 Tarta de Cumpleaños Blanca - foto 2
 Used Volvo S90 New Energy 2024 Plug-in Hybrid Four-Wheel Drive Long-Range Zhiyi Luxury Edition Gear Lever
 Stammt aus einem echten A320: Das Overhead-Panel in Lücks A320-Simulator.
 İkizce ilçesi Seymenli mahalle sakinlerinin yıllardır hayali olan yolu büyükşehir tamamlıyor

▬▬▬

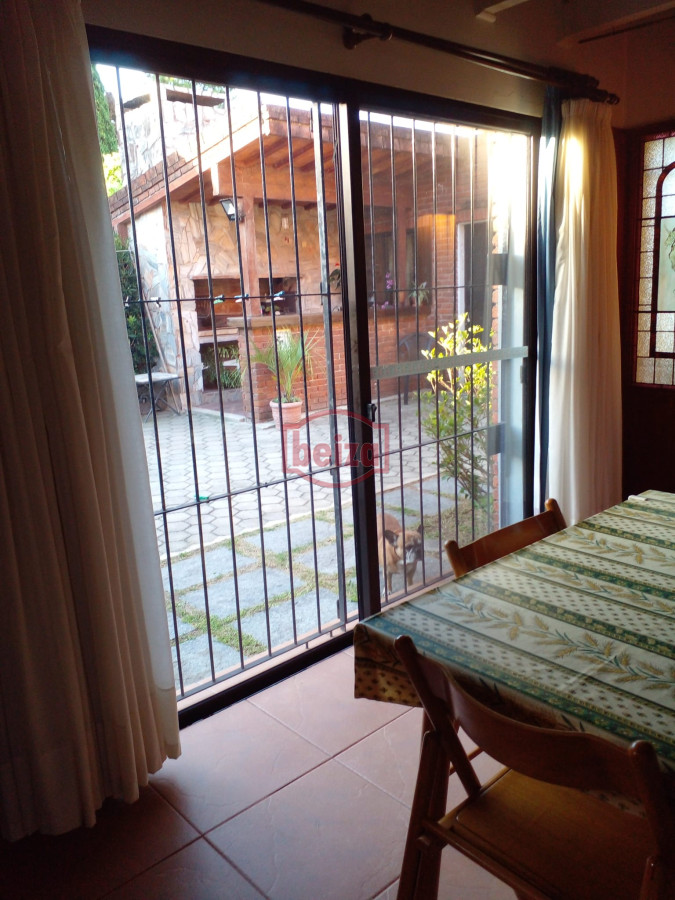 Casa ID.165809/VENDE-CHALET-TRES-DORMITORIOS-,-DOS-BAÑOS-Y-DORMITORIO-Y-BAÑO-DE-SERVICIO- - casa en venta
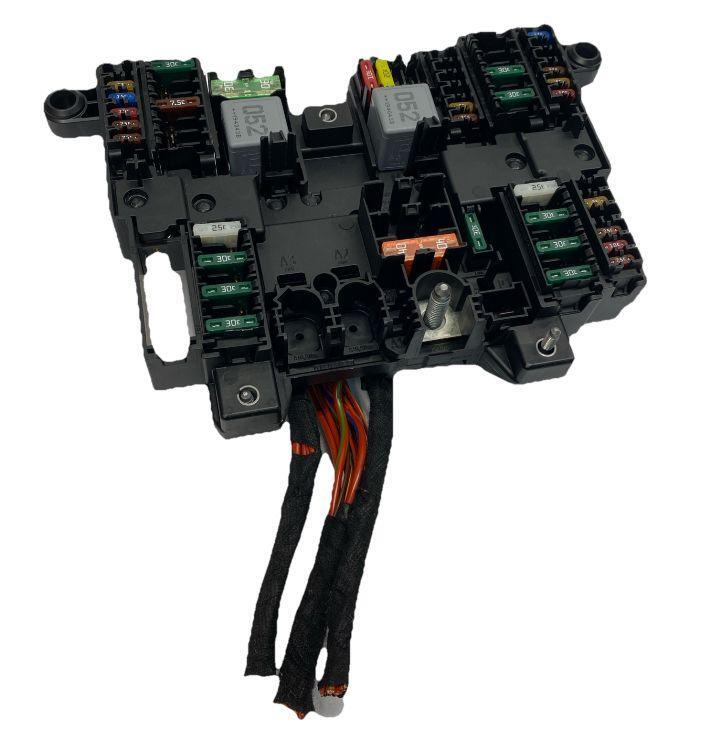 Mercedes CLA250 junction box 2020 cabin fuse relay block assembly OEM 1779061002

▬▬▬

### Aim of the exercise
Reproduce, exactly as they stand in the data above, the lines from the one that holds "Used Volvo S90" to the one that holds "İkizce ilçesi Seymenli", inclusive.

### Answer to this exercise
 Used Volvo S90 New Energy 2024 Plug-in Hybrid Four-Wheel Drive Long-Range Zhiyi Luxury Edition Gear Lever
 Stammt aus einem echten A320: Das Overhead-Panel in Lücks A320-Simulator.
 İkizce ilçesi Seymenli mahalle sakinlerinin yıllardır hayali olan yolu büyükşehir tamamlıyor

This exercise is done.